[[ Supplied material open ]]
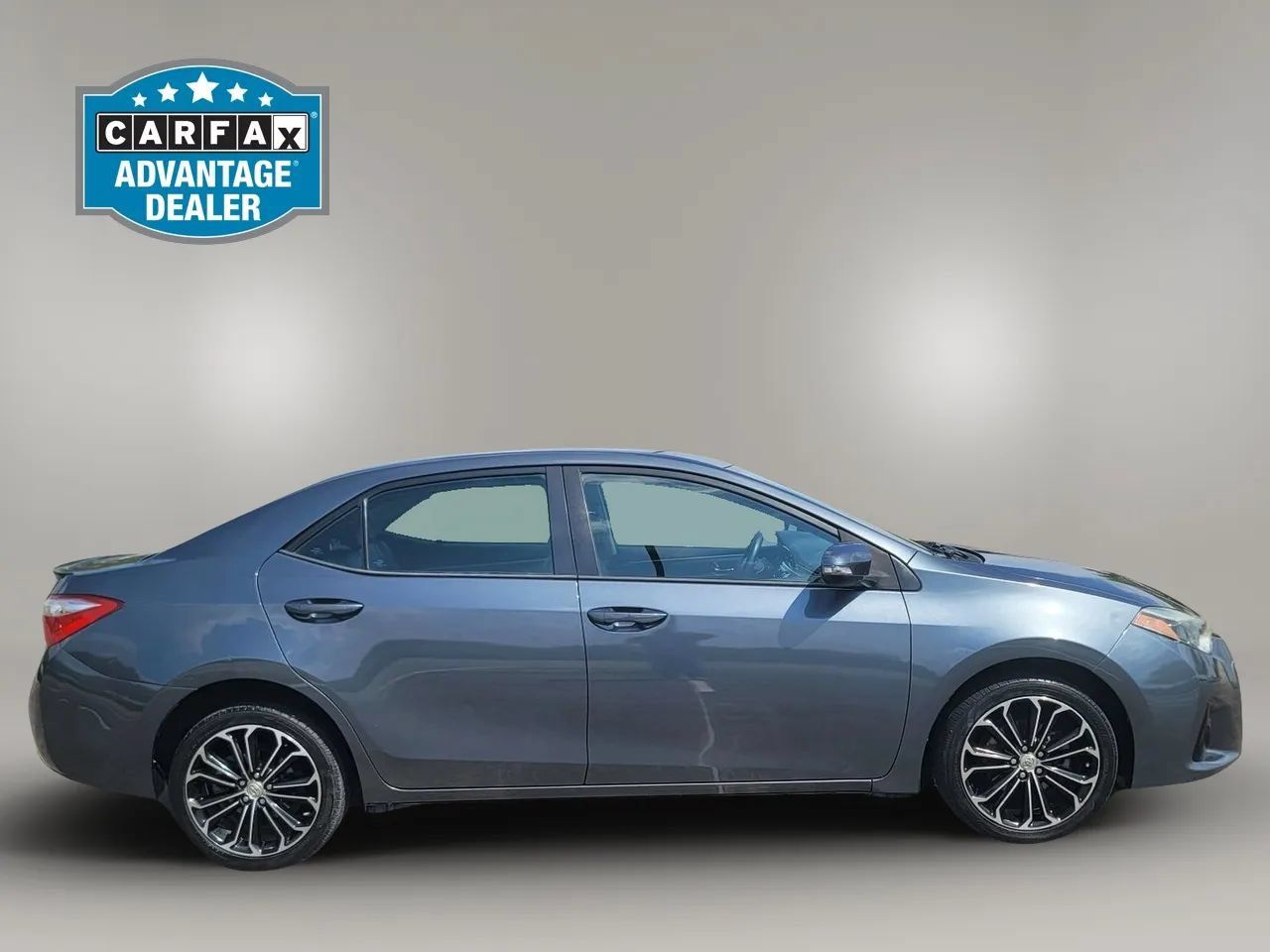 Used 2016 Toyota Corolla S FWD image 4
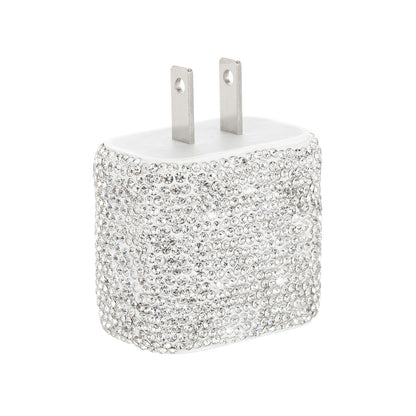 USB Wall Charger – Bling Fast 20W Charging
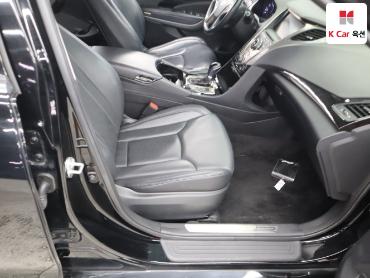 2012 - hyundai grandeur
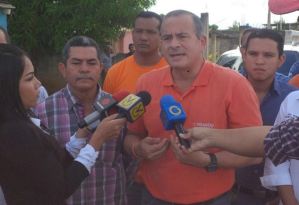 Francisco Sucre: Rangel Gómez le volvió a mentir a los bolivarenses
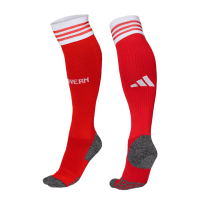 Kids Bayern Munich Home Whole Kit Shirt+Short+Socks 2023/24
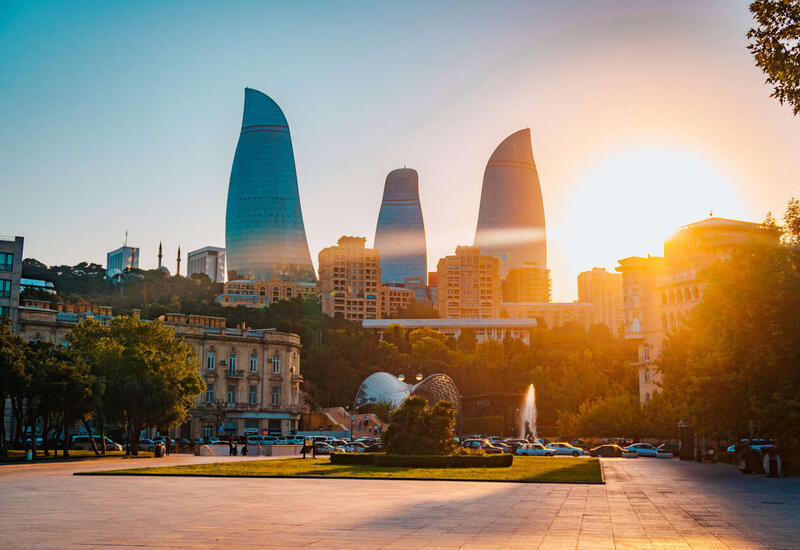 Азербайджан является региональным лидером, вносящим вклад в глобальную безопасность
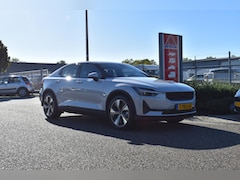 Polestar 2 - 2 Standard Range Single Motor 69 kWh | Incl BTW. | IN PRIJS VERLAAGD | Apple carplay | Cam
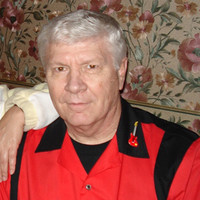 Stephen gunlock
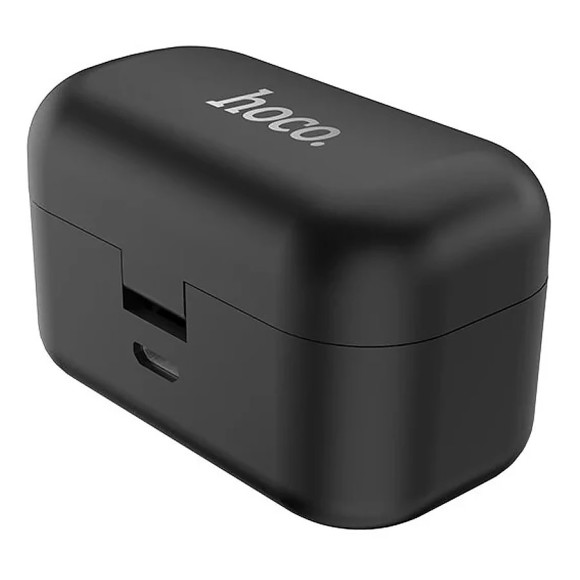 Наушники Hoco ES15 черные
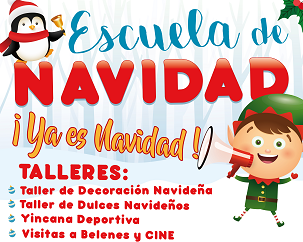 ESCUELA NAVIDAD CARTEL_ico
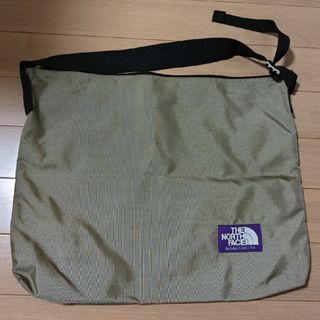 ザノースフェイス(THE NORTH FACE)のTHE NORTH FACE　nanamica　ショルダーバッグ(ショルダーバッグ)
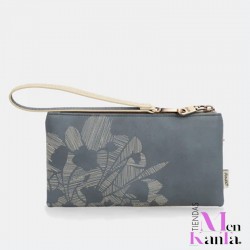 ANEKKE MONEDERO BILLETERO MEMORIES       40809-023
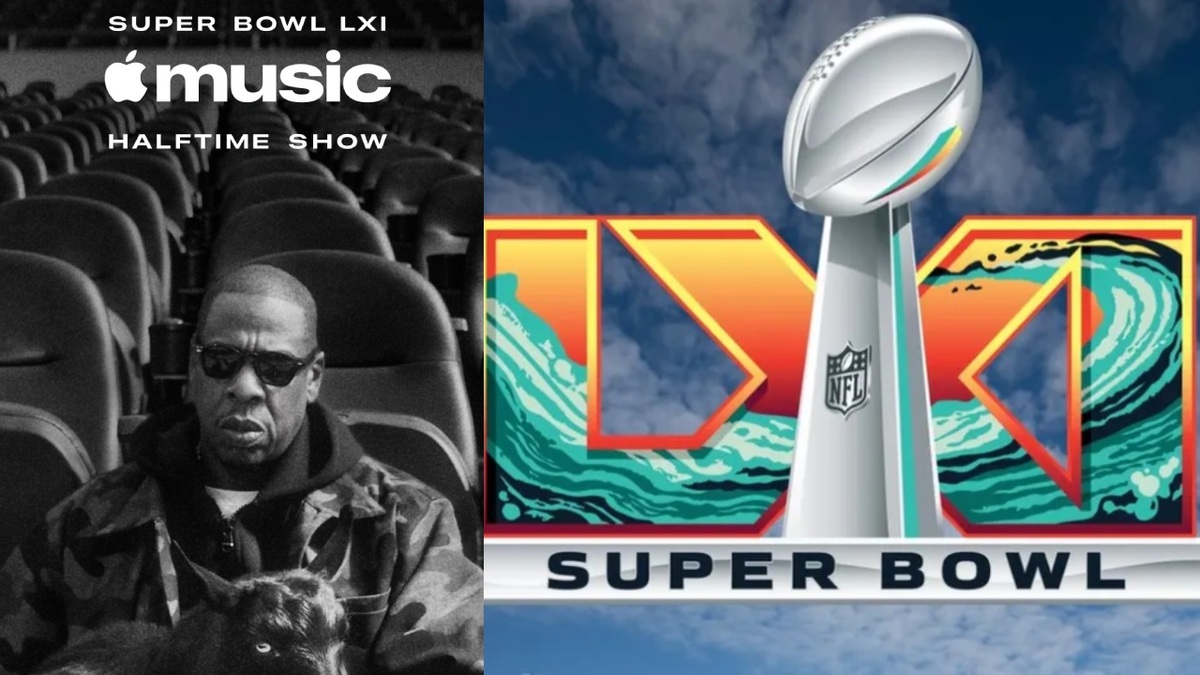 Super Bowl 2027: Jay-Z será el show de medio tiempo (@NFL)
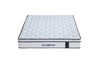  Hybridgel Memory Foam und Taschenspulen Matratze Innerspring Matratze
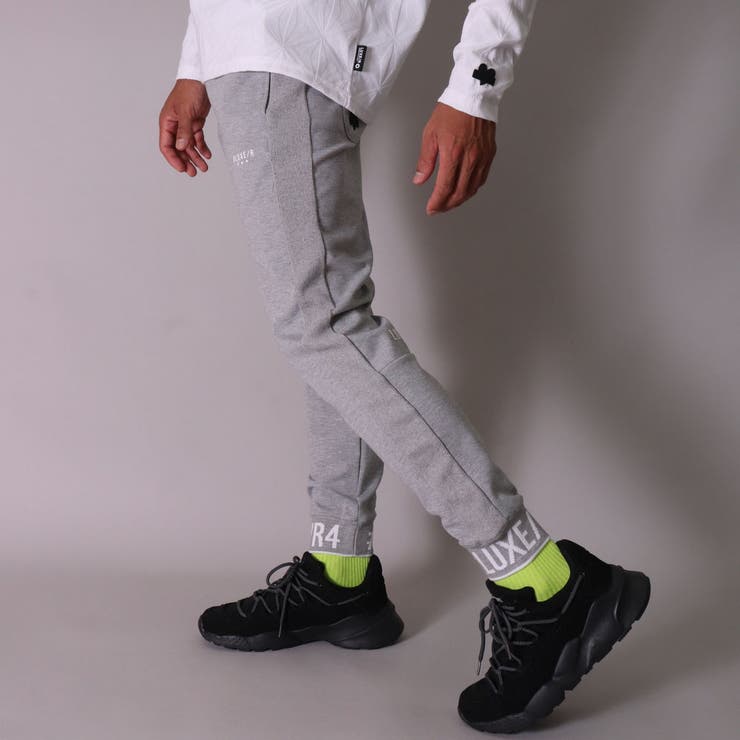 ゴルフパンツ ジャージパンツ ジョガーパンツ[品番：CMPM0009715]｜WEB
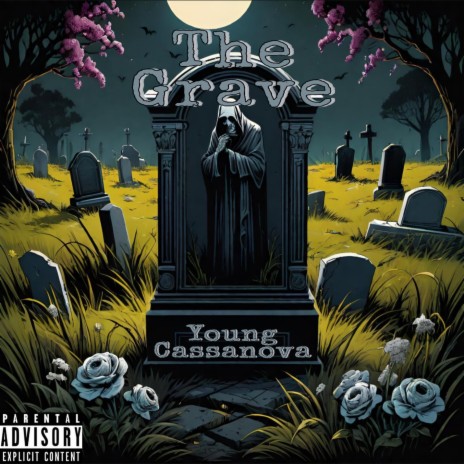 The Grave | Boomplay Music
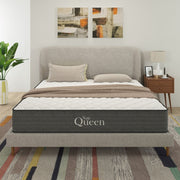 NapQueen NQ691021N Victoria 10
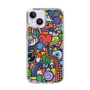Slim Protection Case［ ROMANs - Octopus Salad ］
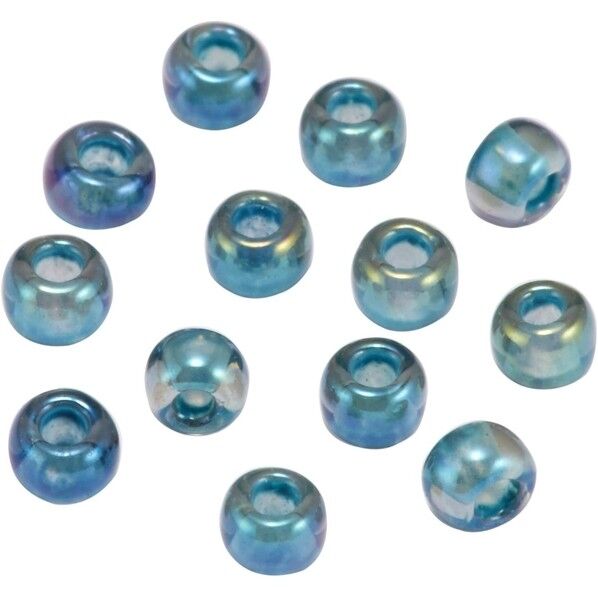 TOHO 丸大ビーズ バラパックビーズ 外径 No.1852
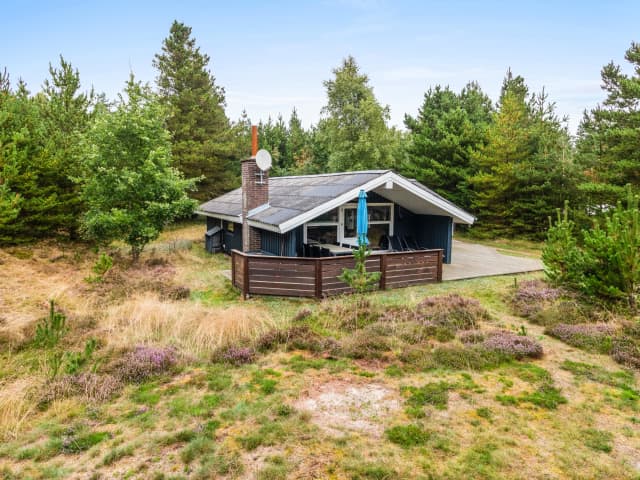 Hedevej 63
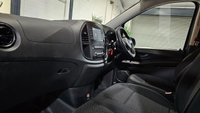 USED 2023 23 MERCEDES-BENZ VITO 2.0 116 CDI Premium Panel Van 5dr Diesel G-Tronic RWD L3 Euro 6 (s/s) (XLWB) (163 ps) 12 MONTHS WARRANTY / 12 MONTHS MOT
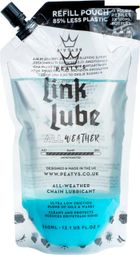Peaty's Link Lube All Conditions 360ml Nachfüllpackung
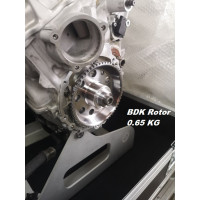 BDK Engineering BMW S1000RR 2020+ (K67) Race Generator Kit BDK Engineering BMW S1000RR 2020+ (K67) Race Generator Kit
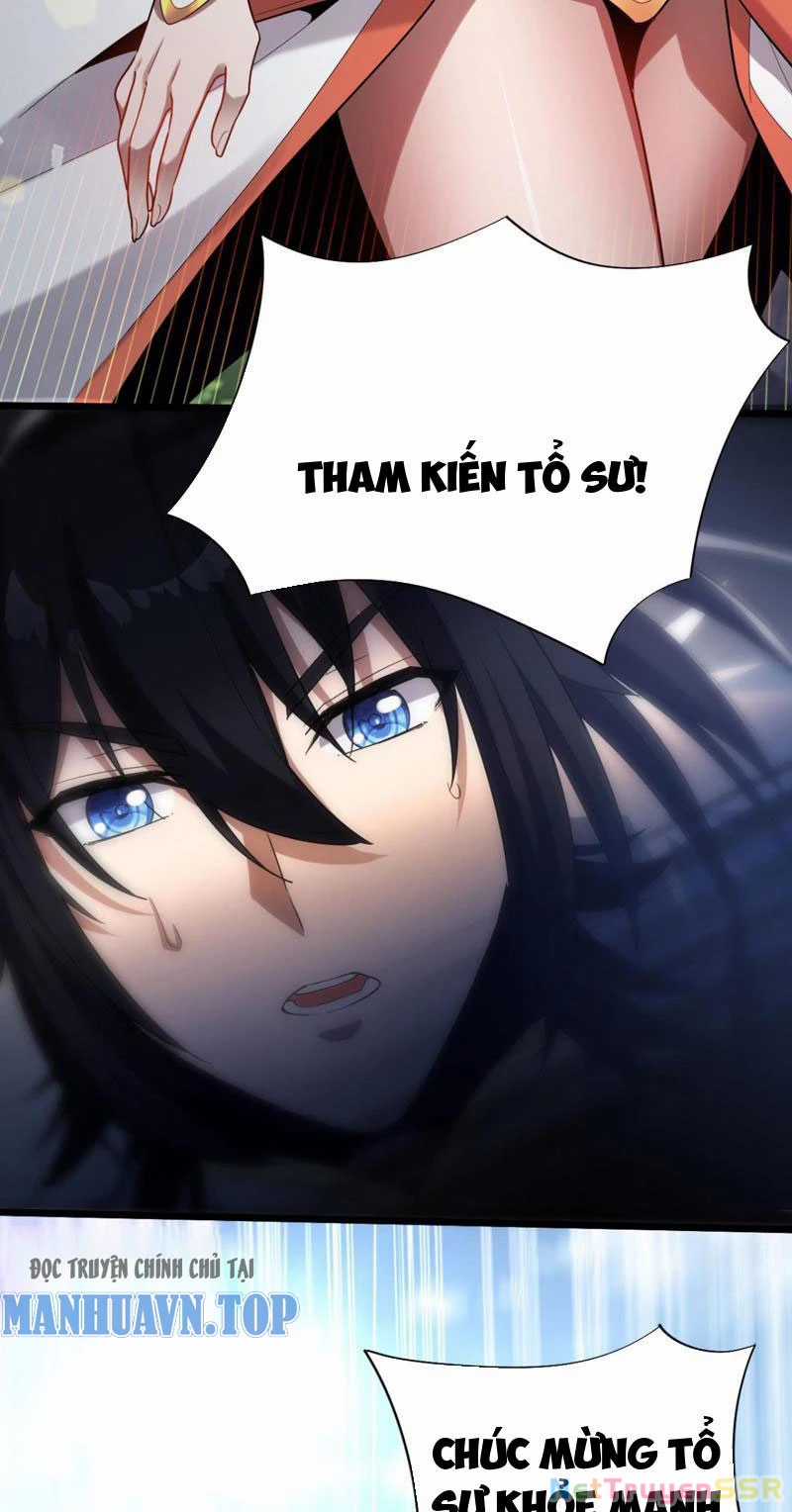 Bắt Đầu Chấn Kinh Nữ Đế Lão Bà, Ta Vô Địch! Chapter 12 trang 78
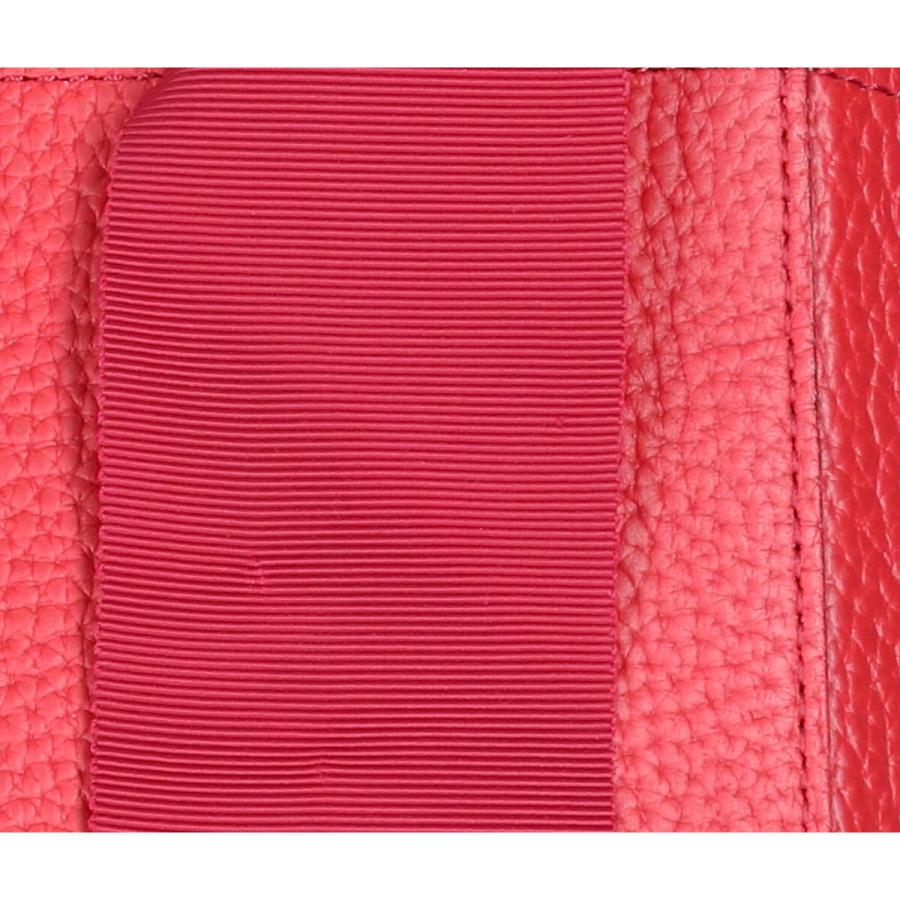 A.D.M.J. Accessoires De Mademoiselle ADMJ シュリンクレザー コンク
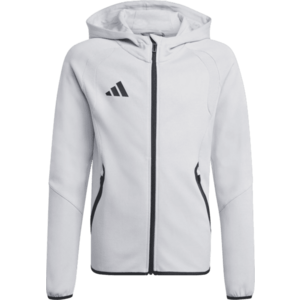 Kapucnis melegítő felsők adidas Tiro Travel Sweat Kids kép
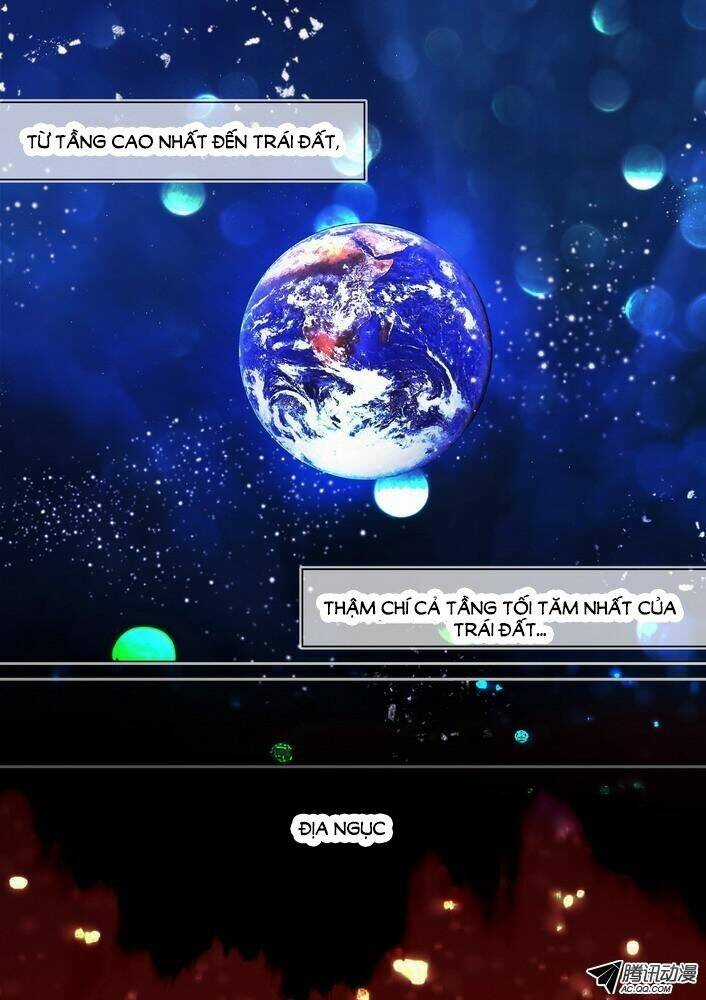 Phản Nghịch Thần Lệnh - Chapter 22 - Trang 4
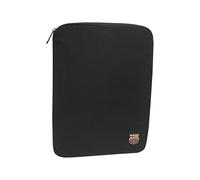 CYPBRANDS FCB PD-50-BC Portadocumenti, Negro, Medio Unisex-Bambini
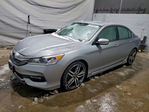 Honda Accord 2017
[[ Supplied material closed ]]
Your job is to transcribe the records exactly and in full. Pictures are not part of the copy.

- Task response:
 Used 2016 Toyota Corolla S FWD image 4
 USB Wall Charger – Bling Fast 20W Charging
 2012 - hyundai grandeur
 Francisco Sucre: Rangel Gómez le volvió a mentir a los bolivarenses
 Kids Bayern Munich Home Whole Kit Shirt+Short+Socks 2023/24
 Азербайджан является региональным лидером, вносящим вклад в глобальную безопасность
 Polestar 2 - 2 Standard Range Single Motor 69 kWh | Incl BTW. | IN PRIJS VERLAAGD | Apple carplay | Cam
 Stephen gunlock
 Наушники Hoco ES15 черные
 ESCUELA NAVIDAD CARTEL_ico
 ザノースフェイス(THE NORTH FACE)のTHE NORTH FACE　nanamica　ショルダーバッグ(ショルダーバッグ)
 ANEKKE MONEDERO BILLETERO MEMORIES       40809-023
 Super Bowl 2027: Jay-Z será el show de medio tiempo (@NFL)
  Hybridgel Memory Foam und Taschenspulen Matratze Innerspring Matratze
 ゴルフパンツ ジャージパンツ ジョガーパンツ[品番：CMPM0009715]｜WEB
 The Grave | Boomplay Music
 NapQueen NQ691021N Victoria 10
Slim Protection Case［ ROMANs - Octopus Salad ］
 TOHO 丸大ビーズ バラパックビーズ 外径 No.1852
 Hedevej 63
 USED 2023 23 MERCEDES-BENZ VITO 2.0 116 CDI Premium Panel Van 5dr Diesel G-Tronic RWD L3 Euro 6 (s/s) (XLWB) (163 ps) 12 MONTHS WARRANTY / 12 MONTHS MOT
Peaty's Link Lube All Conditions 360ml Nachfüllpackung
 BDK Engineering BMW S1000RR 2020+ (K67) Race Generator Kit BDK Engineering BMW S1000RR 2020+ (K67) Race Generator Kit
 Bắt Đầu Chấn Kinh Nữ Đế Lão Bà, Ta Vô Địch! Chapter 12 trang 78
 A.D.M.J. Accessoires De Mademoiselle ADMJ シュリンクレザー コンク
 Kapucnis melegítő felsők adidas Tiro Travel Sweat Kids kép
 Phản Nghịch Thần Lệnh - Chapter 22 - Trang 4
 CYPBRANDS FCB PD-50-BC Portadocumenti, Negro, Medio Unisex-Bambini
 Honda Accord 2017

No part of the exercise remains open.